Dazed, he heard a knock. When he opened the door he saw a woman with a baby cradled in her arms. "I'm sorry to bother you, but we were drawn to the candlelight as we were walking home," she said.
"Come in," Leo said, and he watched the woman's eyes light up at the sight of the creche. "How beautiful," she said. "I once lived beside a church where there was a creche exactly like this one. May I touch it?"
Leo nodded, and as she touched the figures in the manger, she wept with happiness.
"Please," Leo said, "take it. For you and your baby."
The woman's tired face seem to light up. "You are too kind. This would make our Christmas perfect."
"It is yours," Leo said. "Merry Christmas."
The woman gathered up the figurines and left with a parting smile. But soon another knock came, and when Leo opened the door he saw a man in tattered clothing, his face dirty from dust. "Excuse me," he said, "but I am a road sweeper. With this snow, I have no way to make any money for a Christmas meal. When I saw your light, I felt you might welcome a poor man."
"Come in," Leo said, and the man followed the scents toward the kitchen, where he discovered freshly baked bread and a pot of soup. "Eat, eat," Leo said, and the man sat and ate heartily, seeming to grow healthy before Leo's very eyes.
"How can I thank you?" the man asked Leo.
Leo leaned close and said earnestly, "I believe the Christ child plans to visit me tonight, so I need nothing. Do you think I'm mad?"
Before the man could answer, another knock came, and now the imperious lady stood before him, demanding her mended dress.
Leo handled her the bundle, but he said nothing.
"You've done no work at all!" she cried, furious.
Leo only smiled. "You shall have to dance in another dress, my lady. Merry Christmas to you," and with that he led her outside and closed the door.
The street sweeper stared at Leo. "Aren't you afraid of such rich people?" he asked. "You shouldn't waste your time on poor men like me. You should have mended her dress."
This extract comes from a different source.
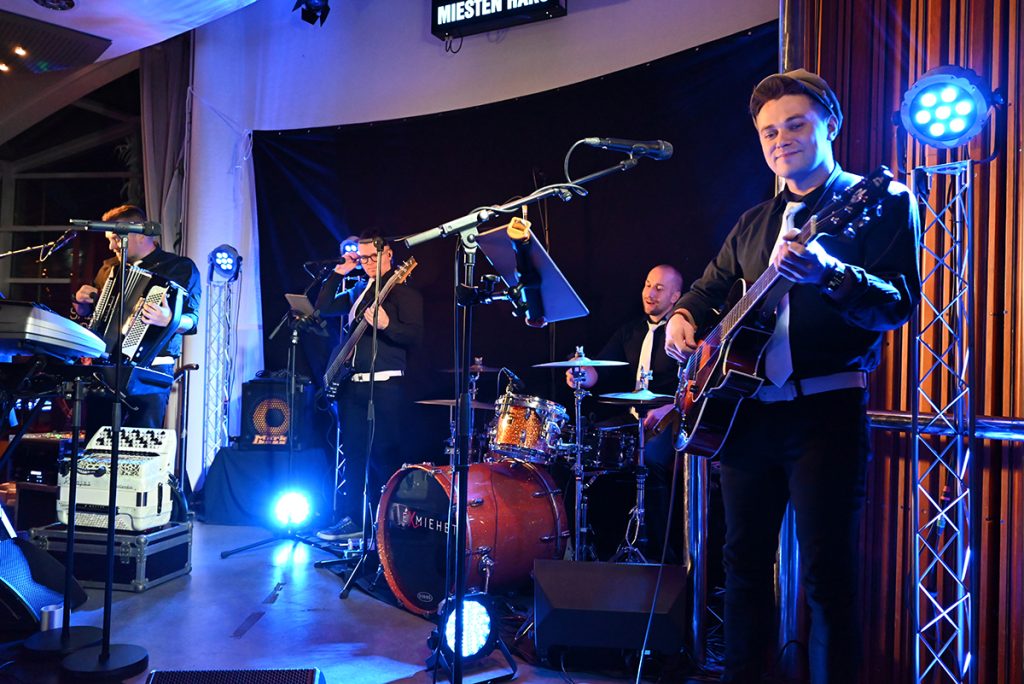 Saija Tuupanen ja Ex-Miehet Härmän Kylpylä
"Nonsense," Leo said. "I have done what is right."
The poor man peered up at Leo. "All I have to thank you with are these small boots I found when I was sweeping," he said, handing them to Leo. "Perhaps these will fit the Christ child?" he asked. "Do you think he will truly come?"
"I've a feeling all will be well," Leo said, and he took the boots and reached into his closet. He pulled out a long woolen coat. "And you shall take this coat for warmth. I have two and need but one."
"But sir ..." the beggar began to protest.
"Merry Christmas," Leo said as he walked the man to the door. There he stood, looking at the fresh coat of snow, and then he looked up at the bright moon.
Then Leo heard a whisper at his feet and looked down to see a little boy dressed in rags. "Sir, I saw your candle and I wondered if you might have some food for a poor child."
"Come in," Leo said, and then he realized the gingerbread house was for this boy, and the boots, of course, the boots from the street sweeper. They fit the poor boy perfectly.
Leo's spirits danced with the light flickering from the candle. "Why are you so happy?" the little boy asked as he devoured the cookies and drank some soup.
Leo smiled. "Listen to this," he said, and he reached for his Bible. "Come, ye blessed, inherit the kingdom prepared for you. For I was hungry and ye fed me; I was thirsty and ye gave me drink; I was a stranger and ye took me in. Naked, and ye clothed me ..."
"Have you done all this for the Christ child?" the boy asked. His eyes were as big as saucers.
"I have," Leo said, "for the Book of Matthew tells us: 'As ye have done it to one of the least of my brethren, so ye have done it unto me.'"
"What does that mean?" the little boy asked.
"It means, child, that my beloved Sonia is an angel, and that we who give are blessed."
And Leo looked into the candle's dancing light and understood he had always been surrounded by love.
*Several different versions of this tale exist in book, story and play form, each set in a different time and place, but each was inspired by Count Leo Tolstoy's "Where Love Is, There God Is Also," the story of the cobbler Martin Avdeich.